Standard Locations (why?)
By Sean Wilcox on Feb 03, 2012
The manifest-import service manages importing of manifests that are delivered as part of a package for an application. This instantiates the service and its instances on the system. The manifest-import service will then manage re-importing those manifests if they are modified/upgraded in some way.
Also, the manifest-import service manages the application of profiles that are in the standard location for profiles of /etc/svc/profile/site. If these profiles change or are removed then the support for them can be removed from the services on the system.
Finally once the application has served its purpose and the delivering package is removed from the system along with the removal of the manifest the service will then be cleaned up by the manifest-import service.
With that the manifest-import service needs a well known place to be able to find the manifests for a service, and be able to find those manifests under a certain set of rules. One, the cleanup side of the service needs to be able to know for sure that a manifest is removed and not that a location is simply temporarily unavailable.
Before the Solaris 11, the manifests were located in /var/svc/manifest. But this location might or might not be available at boot because /var can be a separate filesystem, that is not mounted early in boot. With the Solaris 11, the manifests were moved to /lib/svc/manifest so that the manifests would be available at the beginning of system boot. Therefore, manifests are to no longer be placed in /var/svc/manifest as it is strictly supported for backwards compatibility only.
So with this standard location that is guaranteed to be available at boot SMF can now make sure that changes and upgrades to manifests are imported before any services are started.

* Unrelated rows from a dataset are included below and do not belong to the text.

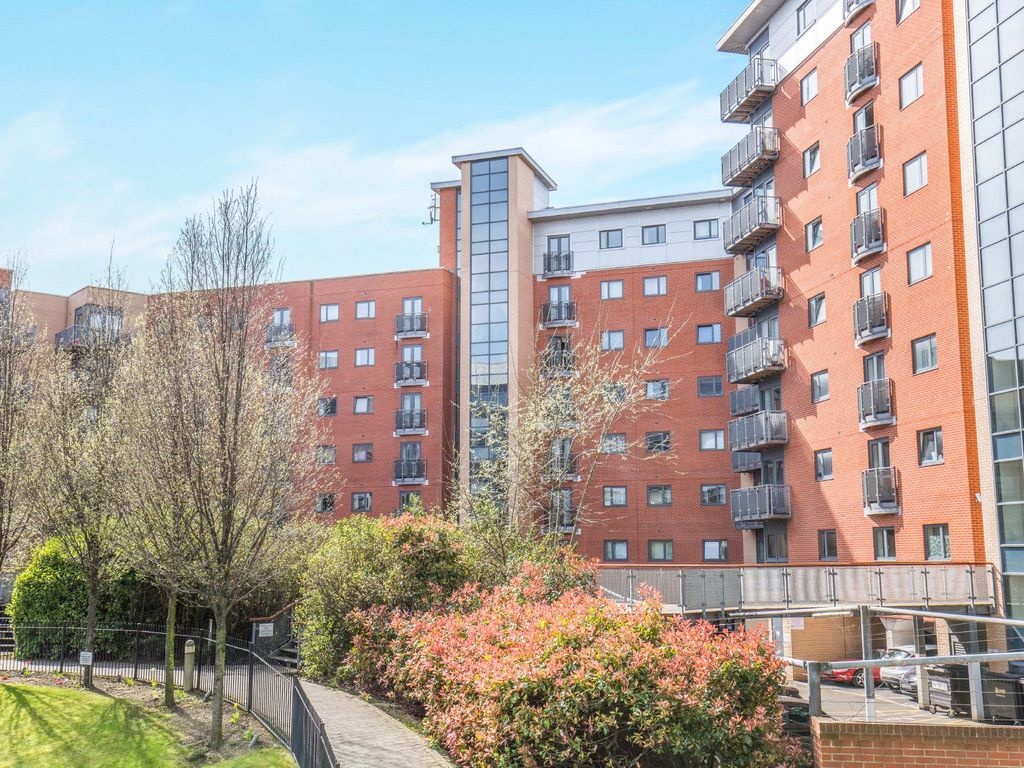 Additional image 6 of 2 Bed Flat, Velocity West, LS11, N1 7GU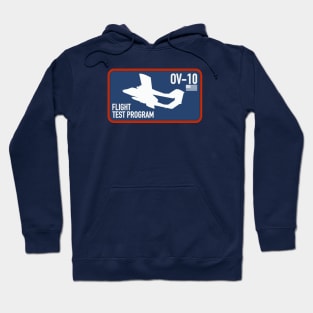 OV-10 Bronco Hoodie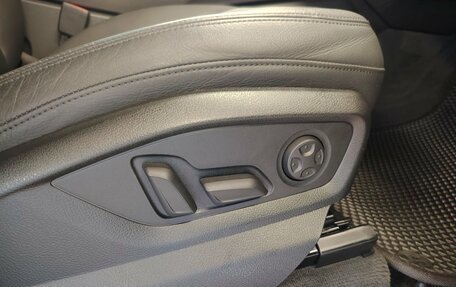 Audi Q7, 2016 год, 3 799 000 рублей, 8 фотография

This way services that need to start early in the boot cycle (even before /var might be mounted, if the manifest is in /lib/svc/manifest) will be guaranteed to start with their new property values.
Also, if the manifest is removed from the system, there is a chance for the service to be removed from the system before it attempts to start and does not find the service binaries and/or other files that may be required for the service to run.
Put your manifests and profiles in the standard location and let SMF manage your import, apply and ultimately the cleanup of your services and instances.
So in summary the benefits are :
1. manifests can be imported early in boot before any services are started that might use the information from the manifests.
2. upgrades of manifests and profiles can be done during this early boot phase as well, so that services get the new information before they start.
3. if manifests are removed, then the manifest-import service that manages these can know for sure that the manifests are removed and clean up the services.
4. manifests in a standard location are the base layer for services and their property group and property sets.